Subsequently, Brown filed a follow-up appeal to the U.S. Supreme Court. On June 20, 2016, Brown's appeal was ultimately dismissed by the U.S. Supreme Court.

In another appeal in 2017, Brown's lawyers asked for Louisiana Supreme Court justice Scott Crichton to be recused from the case of Brown, after he was found to have made remarks about the "Angola 5" case in a radio show to express his support for capital punishment. Subsequently, Crichton voluntarily pulled himself out of the case.

In May 2021, Brown filed a second appeal to the Louisiana Supreme Court against his conviction and sentence. On January 28, 2022, the Louisiana Supreme Court rejected Brown's second appeal against his conviction and sentence.

On April 3, 2023, the U.S. Supreme Court declined to review Brown's case and dismissed his second appeal.

===2023 clemency bid===
In 2023, as Louisiana Governor John Bel Edwards neared the end of his term, he publicly declared his opposition to the death penalty and called for its abolition in the state. Despite his efforts, the Louisiana legislature voted on May 24, 2023, to reject a bill that would have ended capital punishment.

The following month, in June 2023, 55 of the 56 inmates on Louisiana's death row — including David Brown and Jeffrey Clark — filed clemency petitions requesting that their death sentences be commuted to life imprisonment before Governor Edwards left office. These petitions were reviewed by the Louisiana Board of Pardons and Committee on Parole. However, in July 2023, the Board denied all 56 petitions, citing state law that requires a one-year waiting period after the conclusion of all legal appeals before clemency can be requested.
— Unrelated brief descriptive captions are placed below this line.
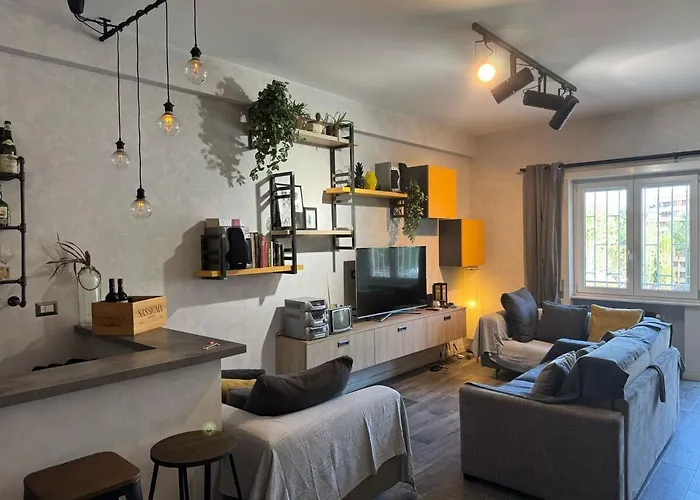 Relax & Explore Stylish In Apartment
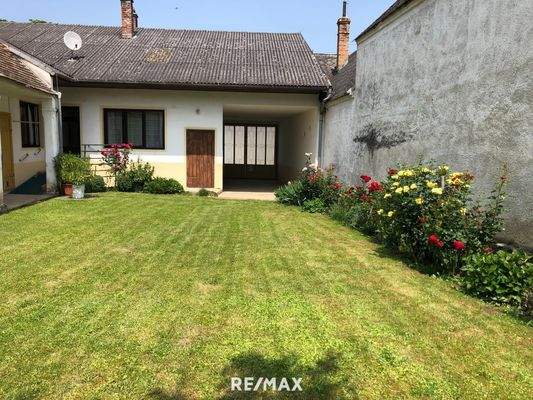 Einfahrts- Eingangsbereich (2)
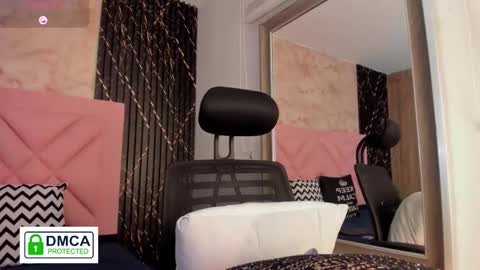 maia__bianchi online show from 8, 1, 2026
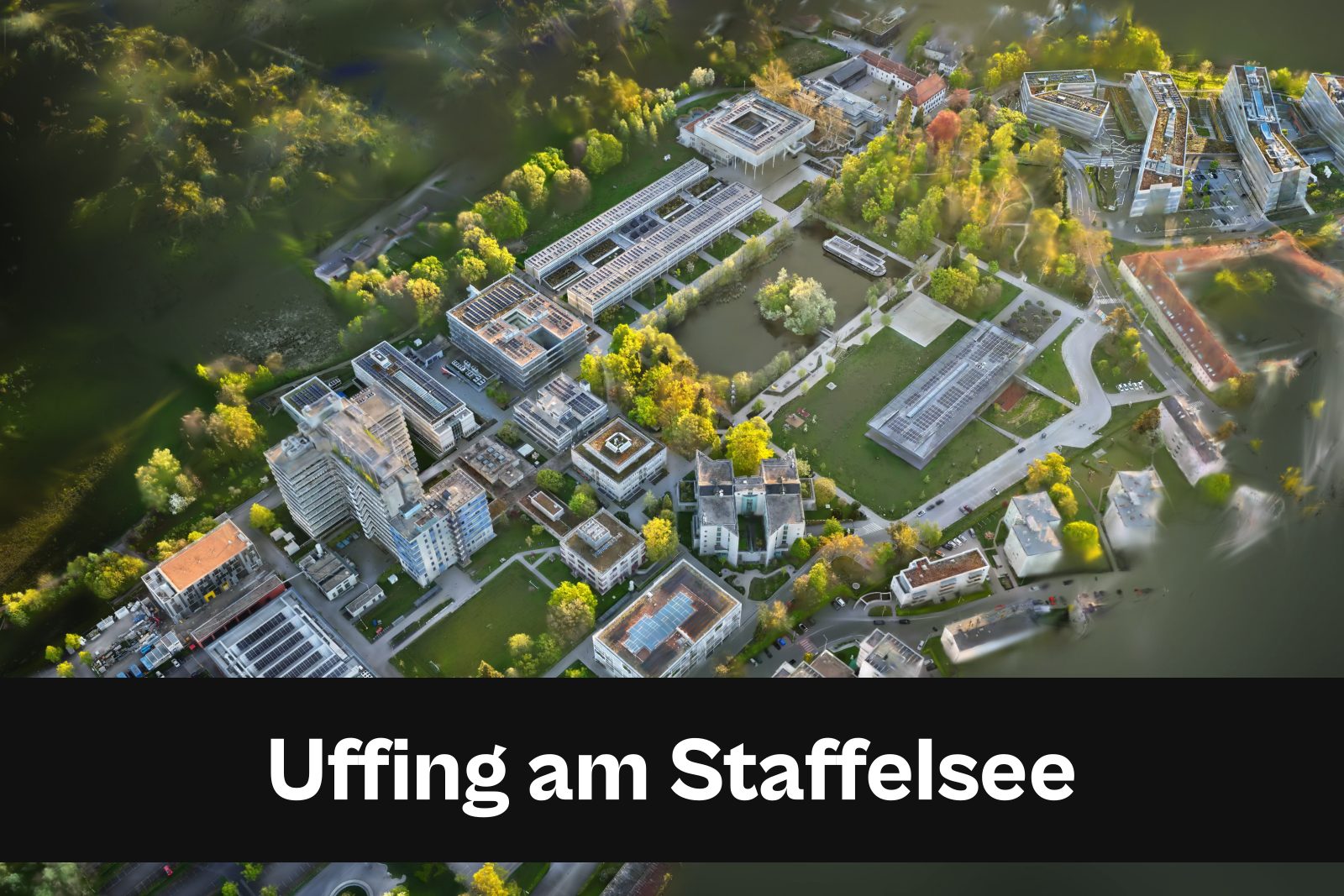 Drohnenaufnahme mit Standort-Badge für Uffing am Staffelsee im Landkreis Garmisch-Partenkirchen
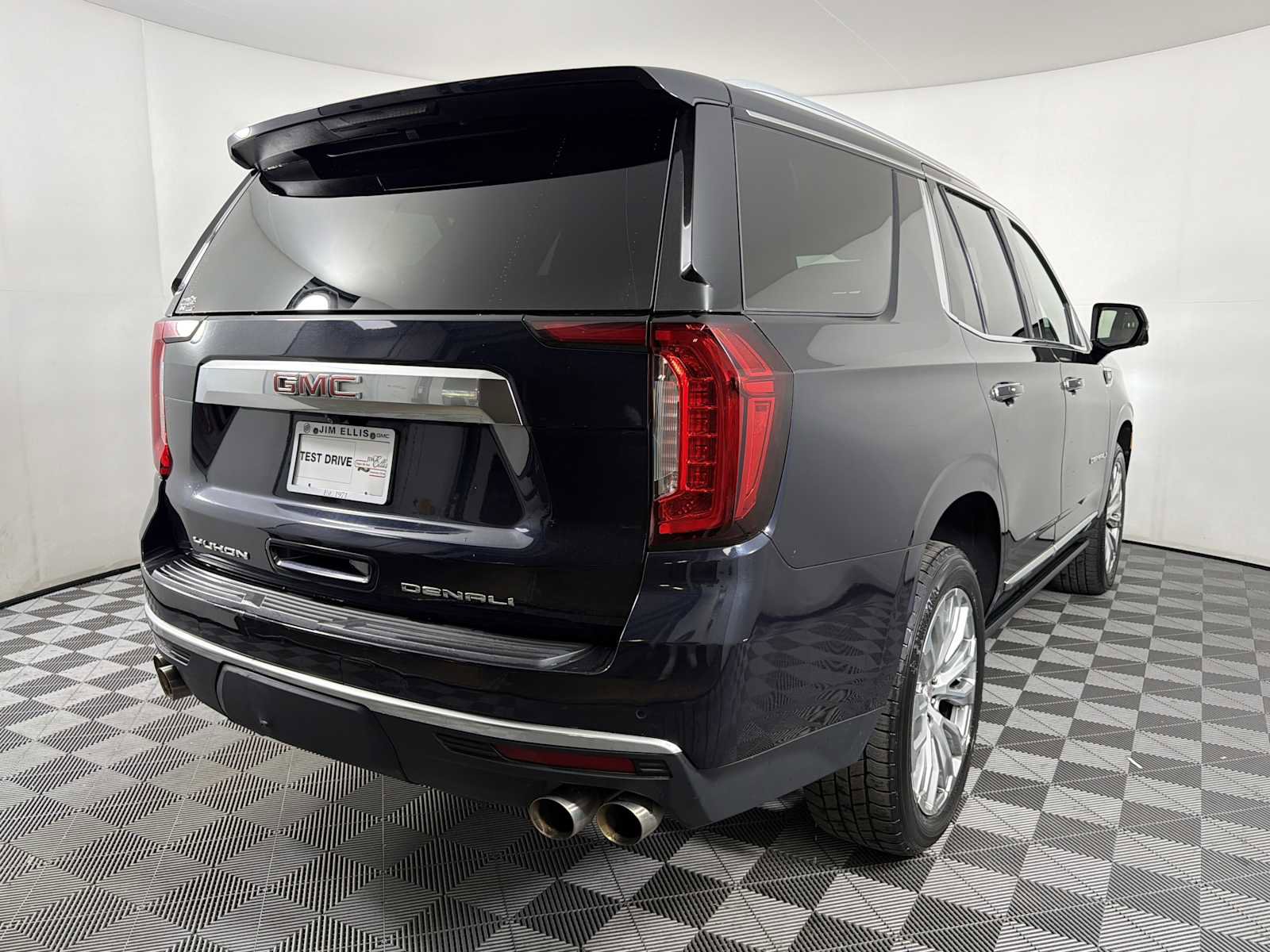 Certified 2023 GMC Yukon Denali AWD/4WD image 6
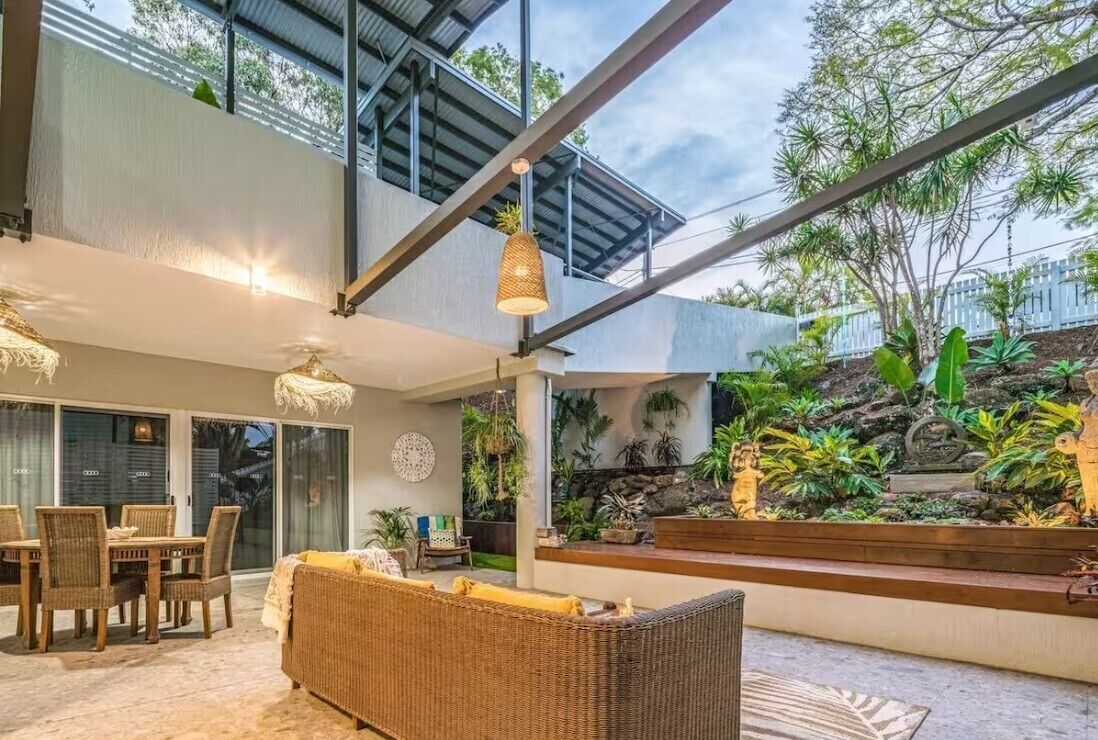 Family House, 6 Bedrooms, Garden View | Living area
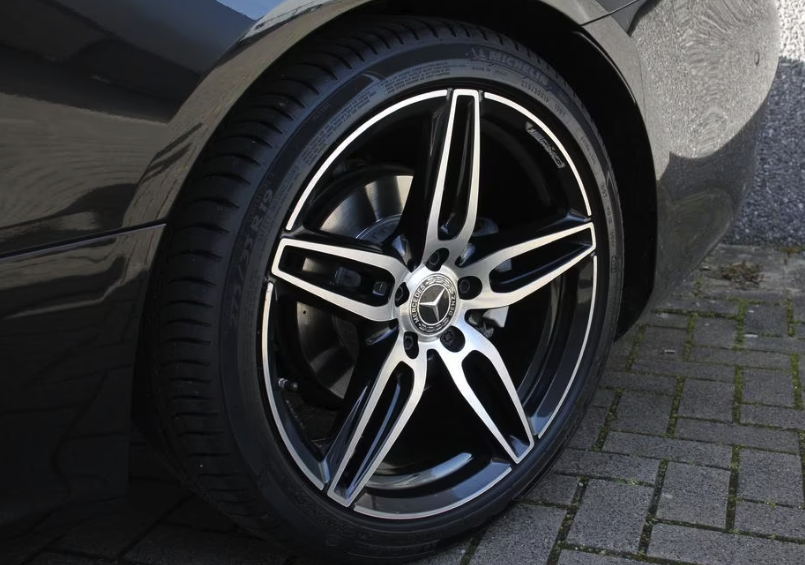 Mercedes-Benz E200 Coupé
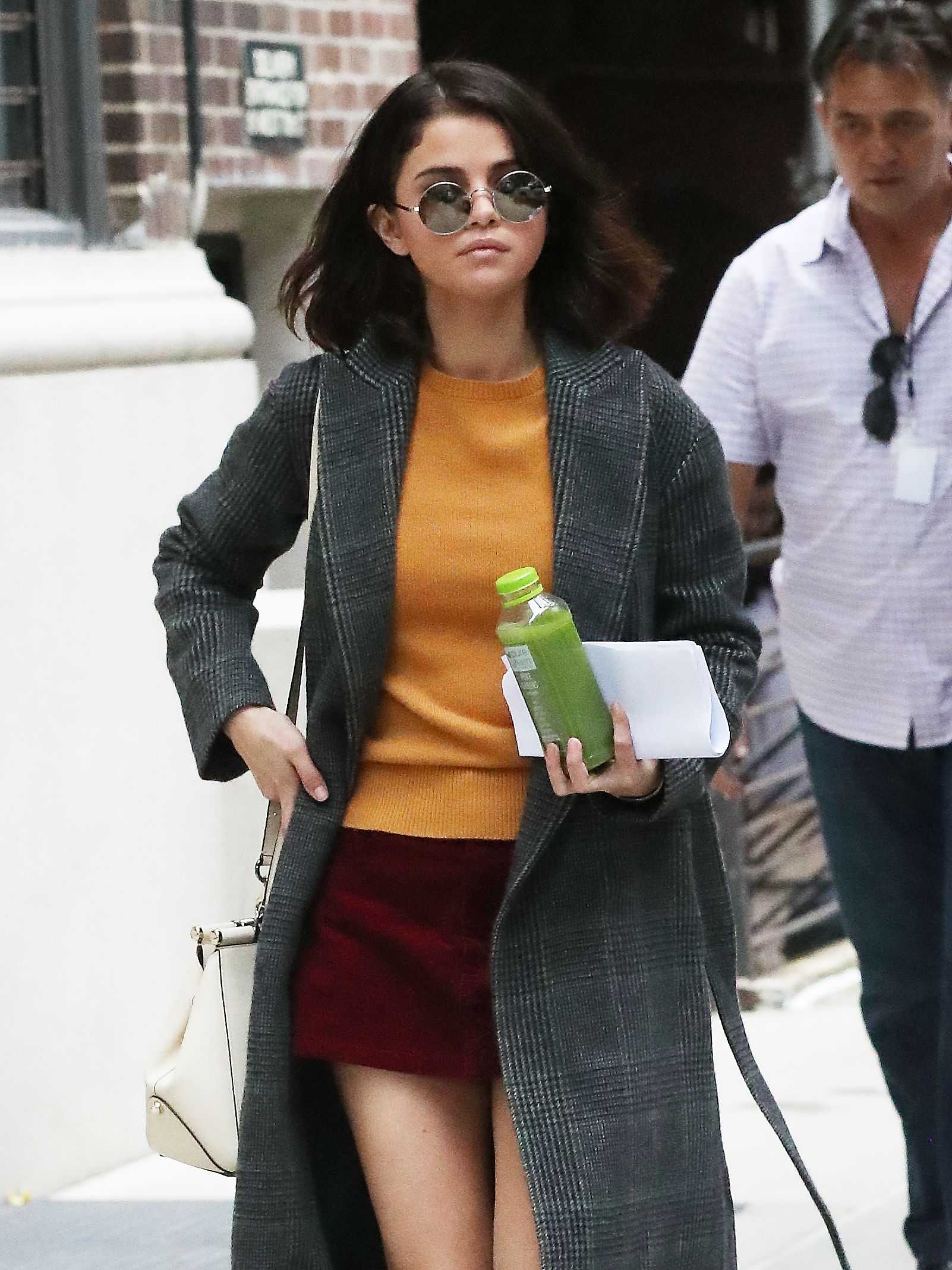 Selena_Gomez_-_On_the_set_of_Woody_Allen_film_in_NYC_on_September_14-32.jpg
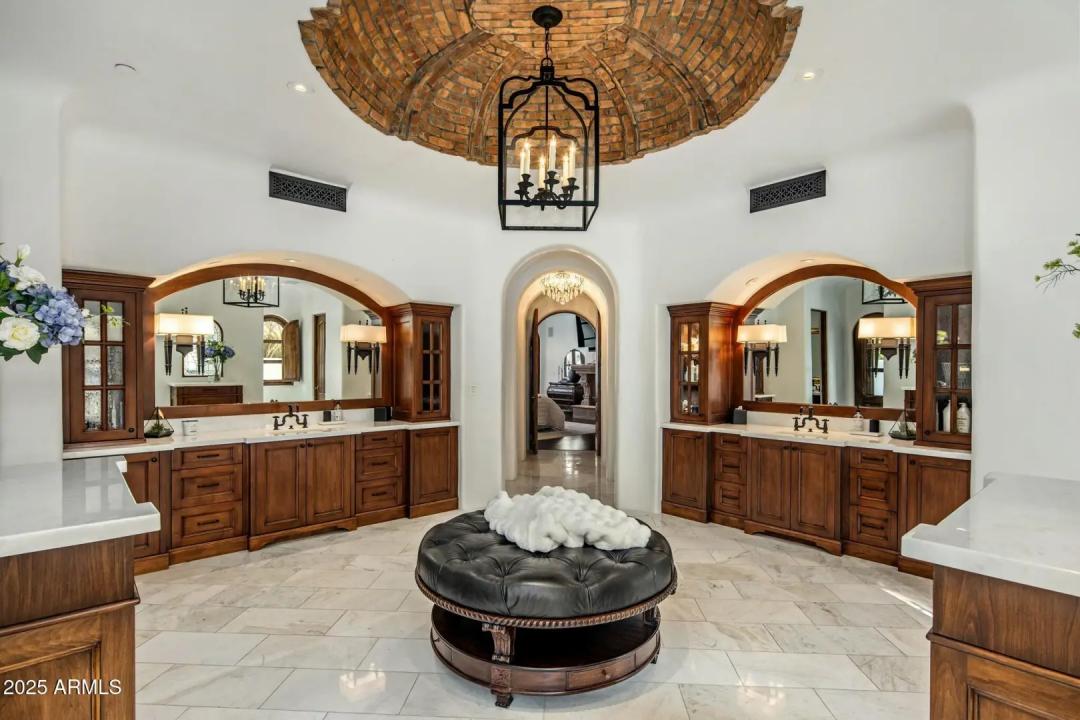 Real Estate Picture 12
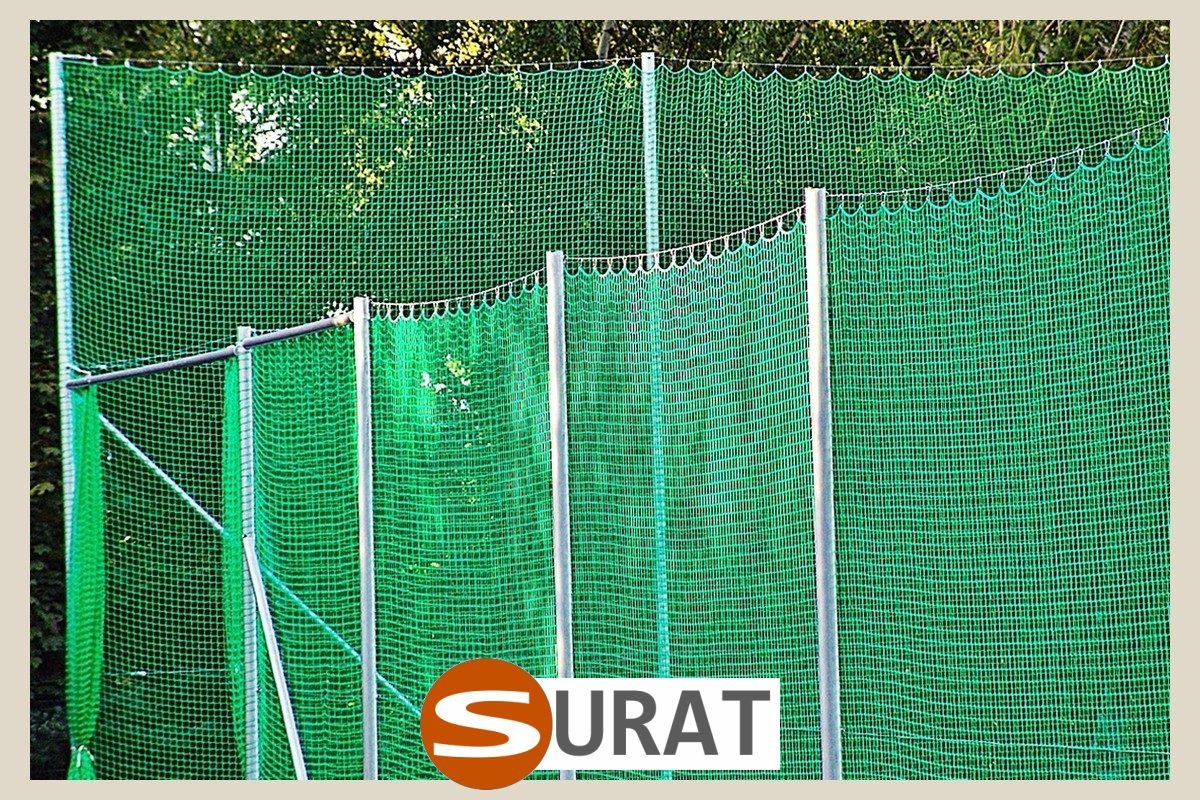   Surat - Bojiskowa siatka z polipropylenu 5mm – najczęściej kupowane, mocne rozwiązanie w kolorach zielonym i szarym o oczku 8x8 cm. 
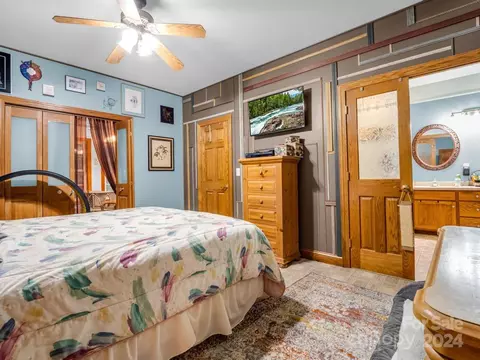 Bedroom - 216 Flat Branch Trl, Mill Spring, NC 28756 photo 3 of 5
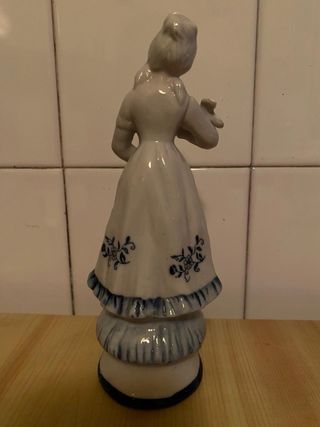 2 Figuras Porcelana Clásica Europea Mujer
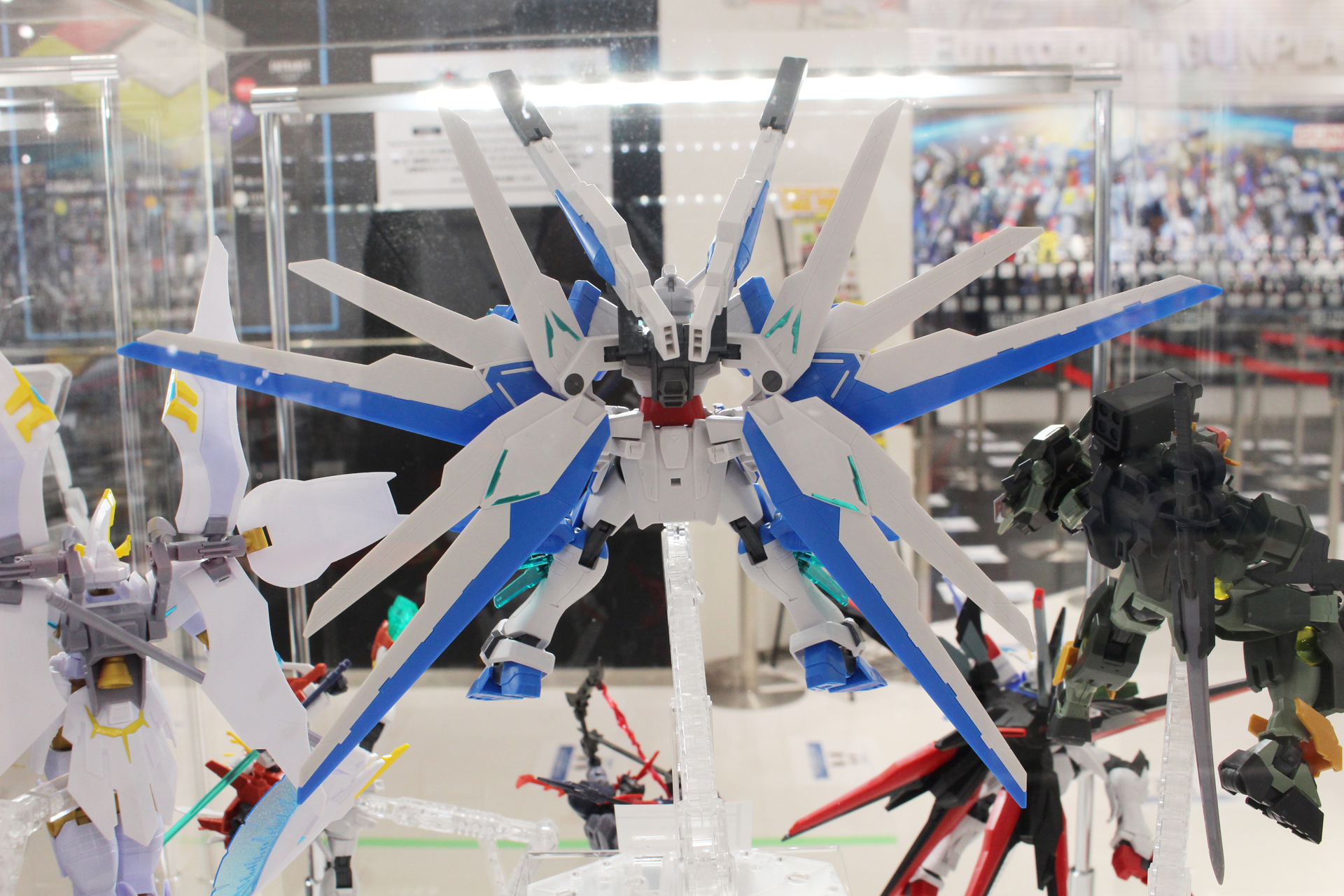 翼は開閉ギミックにより、普段は「W」の形に畳まれている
In October 2023, the Board also rejected clemency petitions from five additional death row inmates, including Antoinette Frank.

==Current status==
After receiving death sentences, Jeffrey Clark and David Brown were transferred to death row at the Louisiana State Penitentiary. By 2023, they were among 57 inmates still awaiting execution in the state.

In February 2025, Louisiana announced plans to resume executions, ending a 15-year moratorium that had been in effect since 2010. On March 18, 2025, the state carried out its first execution in over a decade, conducting the execution of Jessie Hoffman Jr. with nitrogen hypoxia. As of the day before the execution, March 17, 2025, there were 56 inmates on death row, including Clark and Brown. Following Hoffman's execution, the number dropped to 55.

As of 2025, the remaining three members of the Angola 5 — David Mathis, Barry Edge, and Robert Carley — continued serving life sentences at the Louisiana State Penitentiary for the murder of Captain David Knapps, as well as for their earlier murder convictions. A 2019 report showed that about 4,700 offenders, including Mathis, Edge and Carley, were serving life without parole at the Louisiana State Penitentiary, making Louisiana primarily the state with the highest sentencing rate of life without parole in the United States.